Current neural re-rankers often struggle with complex information needs and long, content-rich documents. The fundamental issue is not computational--it is intelligent content selection: identifying what matters in lengthy, multi-faceted texts. While humans naturally anchor their understanding around key entities and concepts, neural models process text within rigid token windows, treating all interactions as equally important and missing critical semantic signals. We introduce REGENT, a neural re-ranking model that mimics human-like understanding by using entities as a "semantic skeleton" to guide attention. REGENT integrates relevance guidance directly into the attention mechanism, combining fine-grained lexical matching with high-level semantic reasoning. This relevance-guided attention enables the model to focus on conceptually important content while maintaining sensitivity to precise term matches. REGENT achieves new state-of-the-art performance in three challenging datasets, providing up to 108% improvement over BM25 and consistently outperforming strong baselines including ColBERT and RankVicuna. To our knowledge, this is the first work to successfully integrate entity semantics directly into neural attention, establishing a new paradigm for entity-aware information retrieval.

Paper Structure

This paper contains 25 sections, 5 equations, 4 figures, 5 tables.

Figures (4)

  • Figure 1: REGENT Architecture Overview. The model processes query and document inputs through separate BERT encoders to generate contextual embeddings.
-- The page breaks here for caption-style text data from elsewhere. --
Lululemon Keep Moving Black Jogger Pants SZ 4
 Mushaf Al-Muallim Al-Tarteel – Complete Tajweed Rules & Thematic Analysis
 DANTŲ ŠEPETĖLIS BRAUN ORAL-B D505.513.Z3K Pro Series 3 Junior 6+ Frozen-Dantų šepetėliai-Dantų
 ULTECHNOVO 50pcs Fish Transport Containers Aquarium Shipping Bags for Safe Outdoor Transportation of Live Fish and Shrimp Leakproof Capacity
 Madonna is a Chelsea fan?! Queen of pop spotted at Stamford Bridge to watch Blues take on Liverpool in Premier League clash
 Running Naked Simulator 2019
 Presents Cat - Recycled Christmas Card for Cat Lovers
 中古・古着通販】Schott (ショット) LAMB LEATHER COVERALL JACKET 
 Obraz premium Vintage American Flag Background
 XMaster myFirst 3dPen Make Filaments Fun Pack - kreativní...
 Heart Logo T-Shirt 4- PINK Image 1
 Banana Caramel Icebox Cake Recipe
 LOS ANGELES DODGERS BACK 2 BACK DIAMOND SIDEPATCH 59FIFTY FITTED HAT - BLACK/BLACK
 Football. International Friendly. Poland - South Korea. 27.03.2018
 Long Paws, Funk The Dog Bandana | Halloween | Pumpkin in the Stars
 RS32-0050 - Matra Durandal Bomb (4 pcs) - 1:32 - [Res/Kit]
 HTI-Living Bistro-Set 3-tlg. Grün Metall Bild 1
REGENT employs a dual-pathway attention mechanism: (1) The token pathway enhances document key and value representations with BM25 scores, then applies cross-attention to capture lexical matches between query and document tokens. (2) The entity pathway first projects pre-computed entity embeddings to the hidden dimension, computes entity-entity attention to identify semantically related concepts, then uses this entity context to guide token-level attention. An adaptive fusion mechanism learns to combine both pathways, balancing lexical matching with semantic understanding. The final output undergoes feed-forward processing with residual connections before mean pooling and scoring to produce a relevance score. This architecture enables fine-grained integration of traditional IR signals (BM25) with neural semantic reasoning through entities, moving beyond post-hoc score combination to embedded relevance guidance within the attention mechanism itself.
  • Figure 2: Query-level analysis on TREC Core 2018.
  • Figure 3: Difficulty test on Core18. 5% most difficult queries for BM25 to the left and the 5% easiest ones to the right. Performance reported as macro-averages across queries.
  • Figure 4: Visualization of entity attention patterns for query "Sony Cyberattack".